The error probability should not exceed  $10^{-8}$.  What is the required  $10 \cdot \lg \ E_{\rm B}/N_{0}$  for ASK?

 $(E_{\rm B}/N_{0})_{\rm min} \ = \$ $\ \rm dB$

### Solution

#### Solution

(1)  It is already obvious from the equations on the information page that  solution 2  is correct.  The defining equations are:

$$\rm Q ({\it x}) = \ \frac{\rm 1}{\sqrt{\rm 2\pi}}\int_{\it x}^{+\infty}\rm e^{\it -u^{\rm 2}/\rm 2}\,d \it u \hspace{0.05cm},$$
$$\rm erfc ({\it x}) = \ \frac{\rm 2}{\sqrt{\rm \pi}}\int_{\it x}^{+\infty}\rm e^{\it -u^{\rm 2}}\,d \it u \hspace{0.05cm}.$$
• By simple substitutions,  the above relationship can be easily proved:
$${\rm Q} ( x) = 1/2 \cdot {\rm erfc} (x/\sqrt{2}) \hspace{0.05cm}.$$

(2)  The  first two solutions  are correct:

• The equations are valid only for the AWGN channel and for an optimal binary receiver,  for example,  according to the matched filter approach.
• Intersymbol interfering  – caused by the channel or the receiver filter – is not covered by this.
• The exact transmission pulse shaping,  on the other hand,  does not matter as long as the receiver filter  $H_{\rm E}(f)$  is matched to the transmission spectrum.  Rather:
• Two different transmission pulse shapers  $H_{\rm S}(f)$  lead to exactly the same error probability if they have the same energy per bit.

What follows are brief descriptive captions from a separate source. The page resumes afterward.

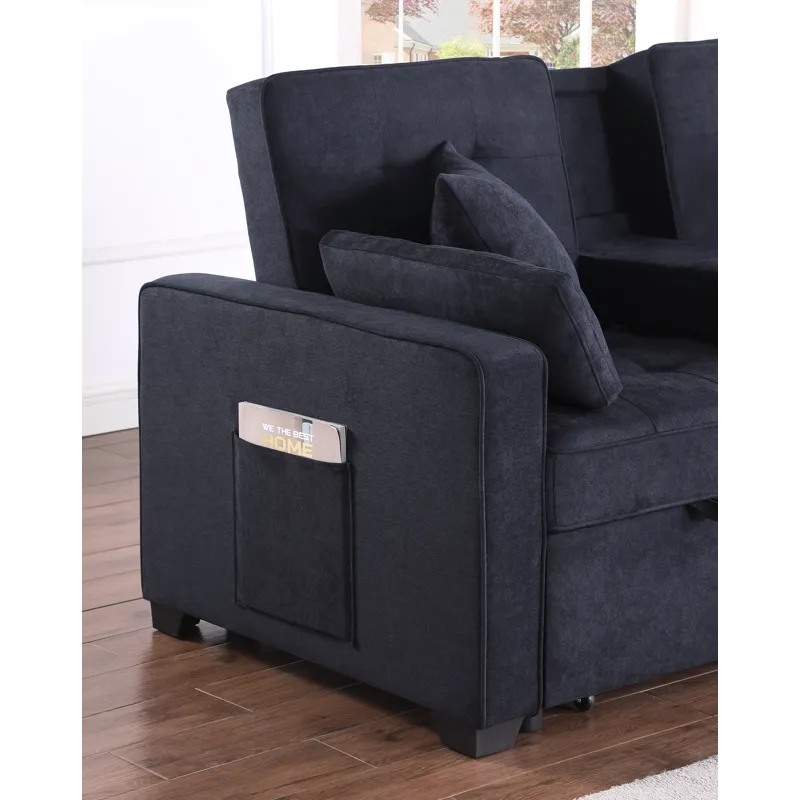 Cody II - 69.5\"W Dark Gray Woven Fabric Convertible Sleeper Loveseat With Cup Holder, Charging Port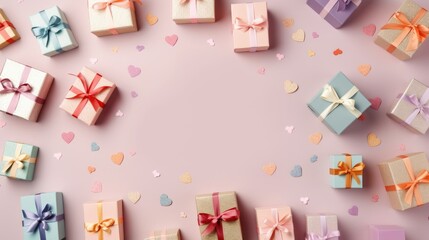 gift boxes on color background AI generative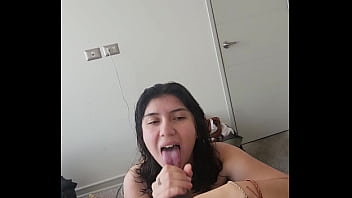 Sucking my man dry after we get out of the shower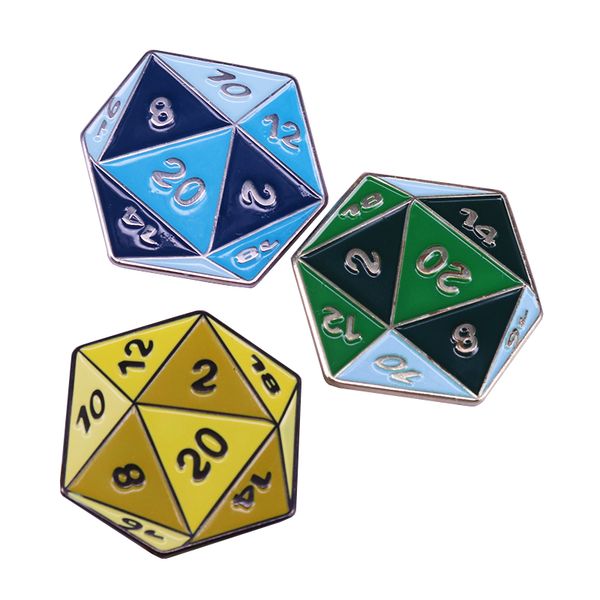 d20 enamel pin sets 3 colors twenty-sided dice badge rpg gamer jewelry geek nerdy gift, Blue
d20 enamel pin sets 3 colors twenty-sided dice badge rpg gamer jewelry geek nerdy gift, Blue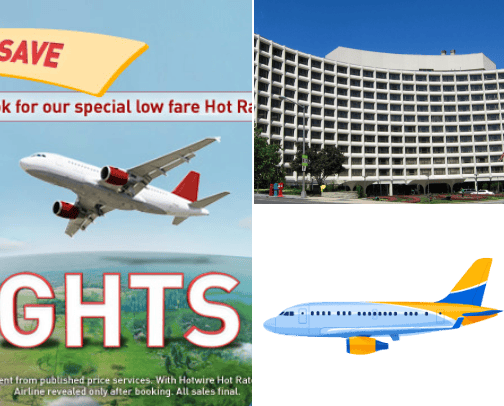Hotels and flights cover photo collage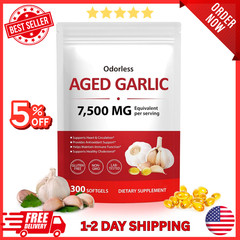 Odorless Garlic 7500Mg per Servings, 300 Softgels | 2 Years Aged Garlic Extra…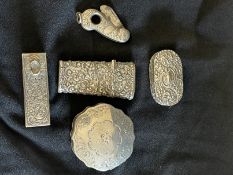 Objects of Virtu: Embossed tooth pick holder Birmingham mark Taylor & Perry, embossed oval shape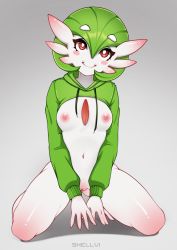 Rule 34 | blush, breasts, clothes lift, colored skin, creatures (company), game freak, gardevoir, gen 3 pokemon, green hoodie, highres, hood, hoodie, hoodie lift, humanization, looking at viewer, nintendo, nipples, no panties, no pants, pokemon, pokemon (creature), pussy, red eyes, shellvi, smile, spread legs, sweater, sweater lift, thighs, white skin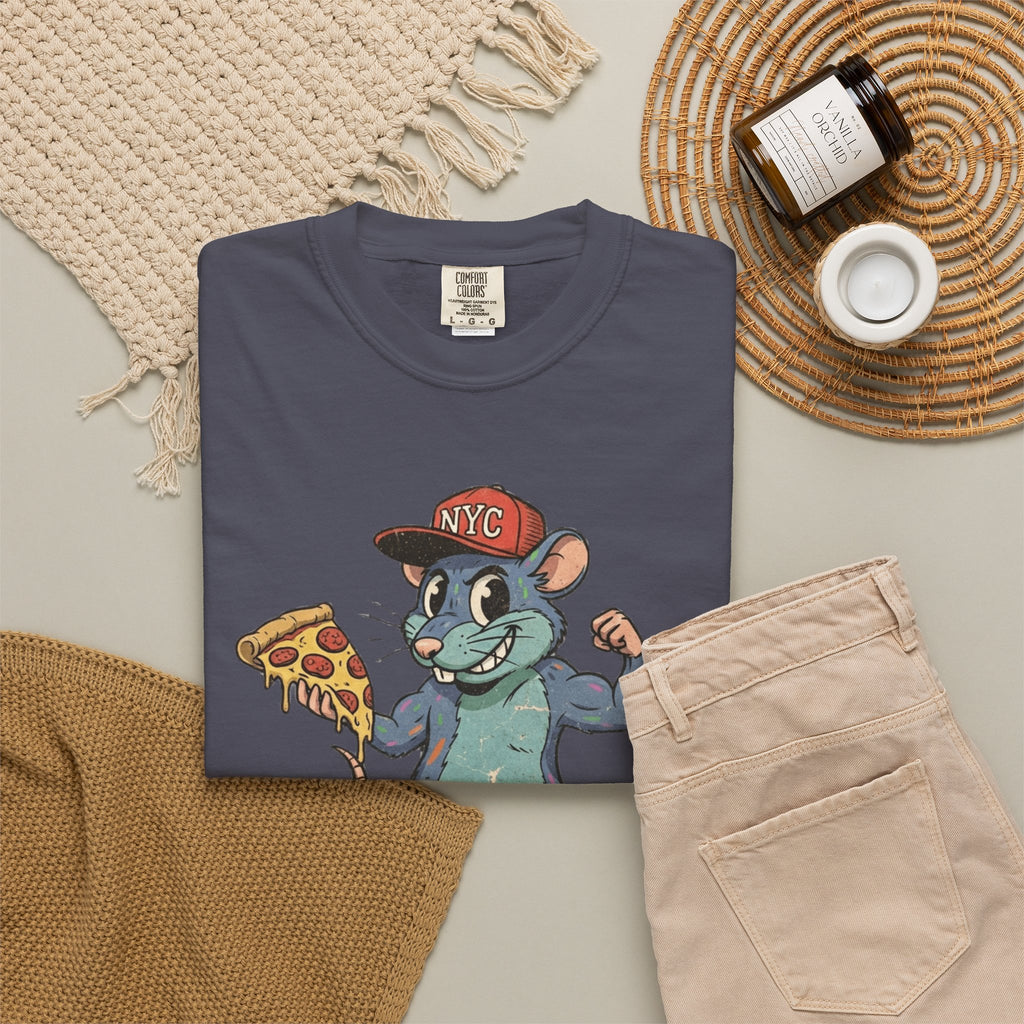 NYC Pizza Rat T-Shirt — Urban Cartoon Rodent Holding Slice Graphic Tee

(3)  The results can be read directly from the table:

$$p_{\rm ASK} \hspace{0.1cm}\underline {= 0.343 \cdot 10^{-4}},$$
$$p_{\rm BPSK} \hspace{0.1cm}\underline {= 0.901 \cdot 10^{-8}}.$$

(4)  With  $E_{\rm B}/N_{0} = 8\ \Rightarrow \ 10 \cdot \lg \ E_{\rm B}/N_{0} \approx 9 \ \rm dB$,  the following error probabilities are obtained:

$$p_{\rm ASK} \hspace{0.1cm}\underline {= 0.241 \cdot 10^{-2}}$$
$$p_{\rm BPSK} \hspace{0.1cm}\underline {= 0.336 \cdot 10^{-4}}.$$

(5)  From question  (3),  it follows that for binary phase modulation,   $10 \cdot \lg \ E_{\rm B}/N_{0} \approx 12 \ \rm dB$  must be satisfied for  $p_{\rm BPSK} \approx 10^{-8}$  to be possible.

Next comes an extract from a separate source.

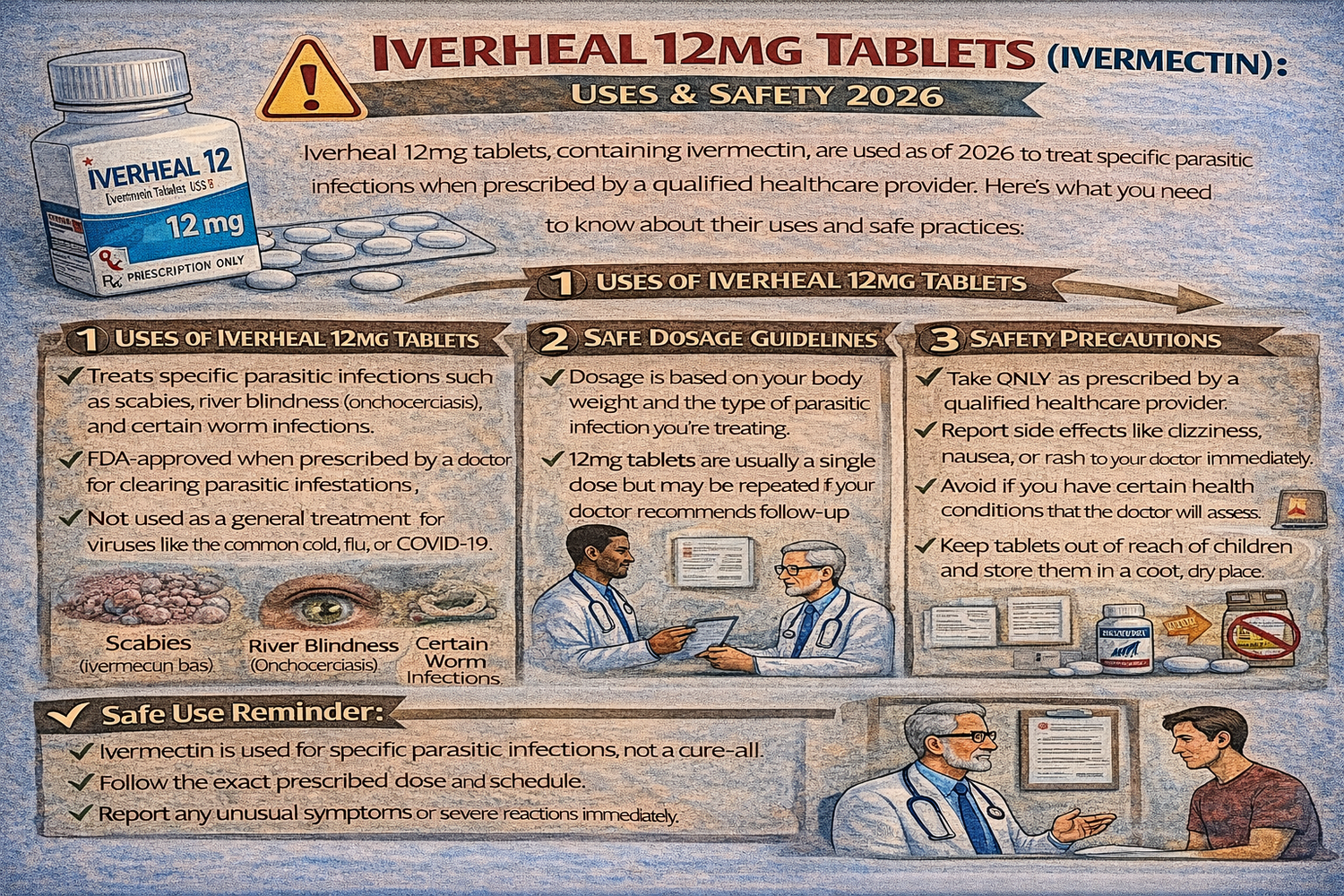 Doctor explaining Iverheal 12mg tablets dosage, uses, and safety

• However,  the given equations also show that the ASK curve is  $3 \ \rm dB$ $($exactly $3.01 \ \rm dB)$  to the right of the BPSK curve.
• It follows that:
$$10 \cdot {\rm lg}\hspace{0.1cm}(E_{\rm B}/N_{\rm 0})_{\rm min}\hspace{0.1cm}\underline {\approx 15\,\,{\rm dB}} \hspace{0.05cm}.$$